- Your instructions
The entries below are to be printed again word for word.

- Excerpts from a dataset
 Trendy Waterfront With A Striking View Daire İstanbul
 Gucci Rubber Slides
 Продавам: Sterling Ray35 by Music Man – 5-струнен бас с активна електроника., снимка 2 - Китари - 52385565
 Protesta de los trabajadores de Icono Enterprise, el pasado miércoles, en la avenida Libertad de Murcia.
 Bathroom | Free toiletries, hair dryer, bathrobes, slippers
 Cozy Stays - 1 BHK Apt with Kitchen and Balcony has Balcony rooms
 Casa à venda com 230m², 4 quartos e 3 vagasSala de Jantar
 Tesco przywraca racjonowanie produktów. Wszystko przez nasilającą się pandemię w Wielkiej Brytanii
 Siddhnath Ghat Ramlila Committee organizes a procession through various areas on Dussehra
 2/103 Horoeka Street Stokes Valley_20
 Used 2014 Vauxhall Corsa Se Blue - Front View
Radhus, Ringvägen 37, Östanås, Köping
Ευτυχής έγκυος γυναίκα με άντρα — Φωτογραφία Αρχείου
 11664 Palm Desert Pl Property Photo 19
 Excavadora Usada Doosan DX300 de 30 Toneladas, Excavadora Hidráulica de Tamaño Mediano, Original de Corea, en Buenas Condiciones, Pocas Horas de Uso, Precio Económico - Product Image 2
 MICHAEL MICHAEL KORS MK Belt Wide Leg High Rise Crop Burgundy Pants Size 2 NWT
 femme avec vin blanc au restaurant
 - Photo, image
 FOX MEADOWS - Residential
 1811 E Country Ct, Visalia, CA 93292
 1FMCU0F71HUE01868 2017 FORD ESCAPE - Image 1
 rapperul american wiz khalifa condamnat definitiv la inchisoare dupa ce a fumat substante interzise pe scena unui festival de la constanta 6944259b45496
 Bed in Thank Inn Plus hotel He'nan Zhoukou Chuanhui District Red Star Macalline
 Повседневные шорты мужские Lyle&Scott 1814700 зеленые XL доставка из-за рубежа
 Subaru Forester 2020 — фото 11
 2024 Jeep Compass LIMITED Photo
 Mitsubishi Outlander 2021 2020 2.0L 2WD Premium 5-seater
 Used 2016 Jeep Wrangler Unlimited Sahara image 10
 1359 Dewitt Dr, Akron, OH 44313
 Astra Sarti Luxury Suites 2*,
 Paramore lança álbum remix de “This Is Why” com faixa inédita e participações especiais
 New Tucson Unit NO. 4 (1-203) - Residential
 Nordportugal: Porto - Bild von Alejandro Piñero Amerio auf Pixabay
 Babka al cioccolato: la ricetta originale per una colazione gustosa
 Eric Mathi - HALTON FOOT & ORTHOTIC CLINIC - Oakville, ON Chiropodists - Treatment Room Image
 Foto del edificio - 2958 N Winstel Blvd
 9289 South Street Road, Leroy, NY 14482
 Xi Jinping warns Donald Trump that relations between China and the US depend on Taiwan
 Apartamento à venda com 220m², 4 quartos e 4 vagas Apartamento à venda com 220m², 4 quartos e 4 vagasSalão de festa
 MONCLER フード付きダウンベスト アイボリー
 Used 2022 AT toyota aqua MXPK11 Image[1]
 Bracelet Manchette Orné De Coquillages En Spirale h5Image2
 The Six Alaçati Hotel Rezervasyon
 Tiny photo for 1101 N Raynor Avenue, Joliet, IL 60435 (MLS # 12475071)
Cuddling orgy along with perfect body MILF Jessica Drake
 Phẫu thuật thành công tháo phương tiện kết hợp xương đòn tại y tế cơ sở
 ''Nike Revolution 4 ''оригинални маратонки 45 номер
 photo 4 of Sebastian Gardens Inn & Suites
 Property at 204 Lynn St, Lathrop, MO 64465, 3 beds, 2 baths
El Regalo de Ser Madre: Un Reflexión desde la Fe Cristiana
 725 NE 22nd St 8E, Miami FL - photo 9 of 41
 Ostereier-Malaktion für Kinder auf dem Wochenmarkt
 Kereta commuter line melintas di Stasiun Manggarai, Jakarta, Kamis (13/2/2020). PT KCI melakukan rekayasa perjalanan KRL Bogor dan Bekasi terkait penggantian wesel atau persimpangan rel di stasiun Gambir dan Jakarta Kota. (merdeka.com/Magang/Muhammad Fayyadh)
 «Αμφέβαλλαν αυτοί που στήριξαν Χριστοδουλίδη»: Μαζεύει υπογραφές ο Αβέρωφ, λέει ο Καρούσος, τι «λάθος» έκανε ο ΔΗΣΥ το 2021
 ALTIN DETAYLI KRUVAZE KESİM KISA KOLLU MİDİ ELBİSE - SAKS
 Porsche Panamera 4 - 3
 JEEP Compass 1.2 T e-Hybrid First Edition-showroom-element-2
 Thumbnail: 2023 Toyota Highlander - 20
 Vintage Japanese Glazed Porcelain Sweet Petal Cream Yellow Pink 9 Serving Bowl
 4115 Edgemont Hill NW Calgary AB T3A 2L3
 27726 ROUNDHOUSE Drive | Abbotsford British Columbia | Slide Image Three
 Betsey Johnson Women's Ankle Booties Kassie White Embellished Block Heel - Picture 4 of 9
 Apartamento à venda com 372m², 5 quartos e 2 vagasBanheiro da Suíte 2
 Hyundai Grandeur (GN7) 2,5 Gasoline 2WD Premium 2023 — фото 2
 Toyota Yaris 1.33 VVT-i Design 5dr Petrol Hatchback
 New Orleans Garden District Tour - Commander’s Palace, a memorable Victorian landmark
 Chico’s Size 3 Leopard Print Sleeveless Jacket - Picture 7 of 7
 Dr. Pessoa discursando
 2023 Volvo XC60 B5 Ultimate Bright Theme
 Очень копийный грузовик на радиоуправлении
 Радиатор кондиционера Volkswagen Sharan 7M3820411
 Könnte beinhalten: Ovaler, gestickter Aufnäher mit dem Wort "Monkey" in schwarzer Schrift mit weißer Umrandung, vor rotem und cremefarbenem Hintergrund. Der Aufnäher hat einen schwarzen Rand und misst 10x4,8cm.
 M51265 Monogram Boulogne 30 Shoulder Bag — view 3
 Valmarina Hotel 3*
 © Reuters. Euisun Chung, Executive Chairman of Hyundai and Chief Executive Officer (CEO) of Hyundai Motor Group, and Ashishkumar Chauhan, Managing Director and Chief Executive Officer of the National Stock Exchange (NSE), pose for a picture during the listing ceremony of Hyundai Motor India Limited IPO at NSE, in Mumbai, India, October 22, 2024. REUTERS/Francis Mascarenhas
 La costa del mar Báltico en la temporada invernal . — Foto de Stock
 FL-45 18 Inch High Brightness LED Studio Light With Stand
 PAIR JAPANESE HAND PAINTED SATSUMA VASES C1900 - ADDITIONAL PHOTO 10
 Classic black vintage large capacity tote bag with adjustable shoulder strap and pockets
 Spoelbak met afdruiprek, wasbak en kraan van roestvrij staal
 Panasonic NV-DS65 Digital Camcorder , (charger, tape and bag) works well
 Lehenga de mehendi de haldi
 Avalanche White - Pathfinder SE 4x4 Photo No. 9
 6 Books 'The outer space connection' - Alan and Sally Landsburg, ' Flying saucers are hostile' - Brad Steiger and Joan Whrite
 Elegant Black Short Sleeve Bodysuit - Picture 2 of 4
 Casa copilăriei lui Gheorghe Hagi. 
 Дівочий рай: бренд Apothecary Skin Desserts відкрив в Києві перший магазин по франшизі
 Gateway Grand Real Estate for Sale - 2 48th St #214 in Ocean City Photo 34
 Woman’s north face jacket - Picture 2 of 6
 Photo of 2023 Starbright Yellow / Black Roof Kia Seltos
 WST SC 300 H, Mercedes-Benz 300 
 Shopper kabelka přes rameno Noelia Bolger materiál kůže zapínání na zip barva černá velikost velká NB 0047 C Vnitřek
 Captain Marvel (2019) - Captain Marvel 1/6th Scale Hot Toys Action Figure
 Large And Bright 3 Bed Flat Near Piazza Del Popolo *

- Solution for this task
 Trendy Waterfront With A Striking View Daire İstanbul
 Gucci Rubber Slides
 Продавам: Sterling Ray35 by Music Man – 5-струнен бас с активна електроника., снимка 2 - Китари - 52385565
 Protesta de los trabajadores de Icono Enterprise, el pasado miércoles, en la avenida Libertad de Murcia.
 Bathroom | Free toiletries, hair dryer, bathrobes, slippers
 Cozy Stays - 1 BHK Apt with Kitchen and Balcony has Balcony rooms
 Casa à venda com 230m², 4 quartos e 3 vagasSala de Jantar
 Tesco przywraca racjonowanie produktów. Wszystko przez nasilającą się pandemię w Wielkiej Brytanii
 Siddhnath Ghat Ramlila Committee organizes a procession through various areas on Dussehra
 2/103 Horoeka Street Stokes Valley_20
 Used 2014 Vauxhall Corsa Se Blue - Front View
Radhus, Ringvägen 37, Östanås, Köping
Ευτυχής έγκυος γυναίκα με άντρα — Φωτογραφία Αρχείου
 11664 Palm Desert Pl Property Photo 19
 Excavadora Usada Doosan DX300 de 30 Toneladas, Excavadora Hidráulica de Tamaño Mediano, Original de Corea, en Buenas Condiciones, Pocas Horas de Uso, Precio Económico - Product Image 2
 MICHAEL MICHAEL KORS MK Belt Wide Leg High Rise Crop Burgundy Pants Size 2 NWT
 femme avec vin blanc au restaurant
 - Photo, image
 FOX MEADOWS - Residential
 1811 E Country Ct, Visalia, CA 93292
 1FMCU0F71HUE01868 2017 FORD ESCAPE - Image 1
 rapperul american wiz khalifa condamnat definitiv la inchisoare dupa ce a fumat substante interzise pe scena unui festival de la constanta 6944259b45496
 Bed in Thank Inn Plus hotel He'nan Zhoukou Chuanhui District Red Star Macalline
 Повседневные шорты мужские Lyle&Scott 1814700 зеленые XL доставка из-за рубежа
 Subaru Forester 2020 — фото 11
 2024 Jeep Compass LIMITED Photo
 Mitsubishi Outlander 2021 2020 2.0L 2WD Premium 5-seater
 Used 2016 Jeep Wrangler Unlimited Sahara image 10
 1359 Dewitt Dr, Akron, OH 44313
 Astra Sarti Luxury Suites 2*,
 Paramore lança álbum remix de “This Is Why” com faixa inédita e participações especiais
 New Tucson Unit NO. 4 (1-203) - Residential
 Nordportugal: Porto - Bild von Alejandro Piñero Amerio auf Pixabay
 Babka al cioccolato: la ricetta originale per una colazione gustosa
 Eric Mathi - HALTON FOOT & ORTHOTIC CLINIC - Oakville, ON Chiropodists - Treatment Room Image
 Foto del edificio - 2958 N Winstel Blvd
 9289 South Street Road, Leroy, NY 14482
 Xi Jinping warns Donald Trump that relations between China and the US depend on Taiwan
 Apartamento à venda com 220m², 4 quartos e 4 vagas Apartamento à venda com 220m², 4 quartos e 4 vagasSalão de festa
 MONCLER フード付きダウンベスト アイボリー
 Used 2022 AT toyota aqua MXPK11 Image[1]
 Bracelet Manchette Orné De Coquillages En Spirale h5Image2
 The Six Alaçati Hotel Rezervasyon
 Tiny photo for 1101 N Raynor Avenue, Joliet, IL 60435 (MLS # 12475071)
Cuddling orgy along with perfect body MILF Jessica Drake
 Phẫu thuật thành công tháo phương tiện kết hợp xương đòn tại y tế cơ sở
 ''Nike Revolution 4 ''оригинални маратонки 45 номер
 photo 4 of Sebastian Gardens Inn & Suites
 Property at 204 Lynn St, Lathrop, MO 64465, 3 beds, 2 baths
El Regalo de Ser Madre: Un Reflexión desde la Fe Cristiana
 725 NE 22nd St 8E, Miami FL - photo 9 of 41
 Ostereier-Malaktion für Kinder auf dem Wochenmarkt
 Kereta commuter line melintas di Stasiun Manggarai, Jakarta, Kamis (13/2/2020). PT KCI melakukan rekayasa perjalanan KRL Bogor dan Bekasi terkait penggantian wesel atau persimpangan rel di stasiun Gambir dan Jakarta Kota. (merdeka.com/Magang/Muhammad Fayyadh)
 «Αμφέβαλλαν αυτοί που στήριξαν Χριστοδουλίδη»: Μαζεύει υπογραφές ο Αβέρωφ, λέει ο Καρούσος, τι «λάθος» έκανε ο ΔΗΣΥ το 2021
 ALTIN DETAYLI KRUVAZE KESİM KISA KOLLU MİDİ ELBİSE - SAKS
 Porsche Panamera 4 - 3
 JEEP Compass 1.2 T e-Hybrid First Edition-showroom-element-2
 Thumbnail: 2023 Toyota Highlander - 20
 Vintage Japanese Glazed Porcelain Sweet Petal Cream Yellow Pink 9 Serving Bowl
 4115 Edgemont Hill NW Calgary AB T3A 2L3
 27726 ROUNDHOUSE Drive | Abbotsford British Columbia | Slide Image Three
 Betsey Johnson Women's Ankle Booties Kassie White Embellished Block Heel - Picture 4 of 9
 Apartamento à venda com 372m², 5 quartos e 2 vagasBanheiro da Suíte 2
 Hyundai Grandeur (GN7) 2,5 Gasoline 2WD Premium 2023 — фото 2
 Toyota Yaris 1.33 VVT-i Design 5dr Petrol Hatchback
 New Orleans Garden District Tour - Commander’s Palace, a memorable Victorian landmark
 Chico’s Size 3 Leopard Print Sleeveless Jacket - Picture 7 of 7
 Dr. Pessoa discursando
 2023 Volvo XC60 B5 Ultimate Bright Theme
 Очень копийный грузовик на радиоуправлении
 Радиатор кондиционера Volkswagen Sharan 7M3820411
 Könnte beinhalten: Ovaler, gestickter Aufnäher mit dem Wort "Monkey" in schwarzer Schrift mit weißer Umrandung, vor rotem und cremefarbenem Hintergrund. Der Aufnäher hat einen schwarzen Rand und misst 10x4,8cm.
 M51265 Monogram Boulogne 30 Shoulder Bag — view 3
 Valmarina Hotel 3*
 © Reuters. Euisun Chung, Executive Chairman of Hyundai and Chief Executive Officer (CEO) of Hyundai Motor Group, and Ashishkumar Chauhan, Managing Director and Chief Executive Officer of the National Stock Exchange (NSE), pose for a picture during the listing ceremony of Hyundai Motor India Limited IPO at NSE, in Mumbai, India, October 22, 2024. REUTERS/Francis Mascarenhas
 La costa del mar Báltico en la temporada invernal . — Foto de Stock
 FL-45 18 Inch High Brightness LED Studio Light With Stand
 PAIR JAPANESE HAND PAINTED SATSUMA VASES C1900 - ADDITIONAL PHOTO 10
 Classic black vintage large capacity tote bag with adjustable shoulder strap and pockets
 Spoelbak met afdruiprek, wasbak en kraan van roestvrij staal
 Panasonic NV-DS65 Digital Camcorder , (charger, tape and bag) works well
 Lehenga de mehendi de haldi
 Avalanche White - Pathfinder SE 4x4 Photo No. 9
 6 Books 'The outer space connection' - Alan and Sally Landsburg, ' Flying saucers are hostile' - Brad Steiger and Joan Whrite
 Elegant Black Short Sleeve Bodysuit - Picture 2 of 4
 Casa copilăriei lui Gheorghe Hagi. 
 Дівочий рай: бренд Apothecary Skin Desserts відкрив в Києві перший магазин по франшизі
 Gateway Grand Real Estate for Sale - 2 48th St #214 in Ocean City Photo 34
 Woman’s north face jacket - Picture 2 of 6
 Photo of 2023 Starbright Yellow / Black Roof Kia Seltos
 WST SC 300 H, Mercedes-Benz 300 
 Shopper kabelka přes rameno Noelia Bolger materiál kůže zapínání na zip barva černá velikost velká NB 0047 C Vnitřek
 Captain Marvel (2019) - Captain Marvel 1/6th Scale Hot Toys Action Figure
 Large And Bright 3 Bed Flat Near Piazza Del Popolo *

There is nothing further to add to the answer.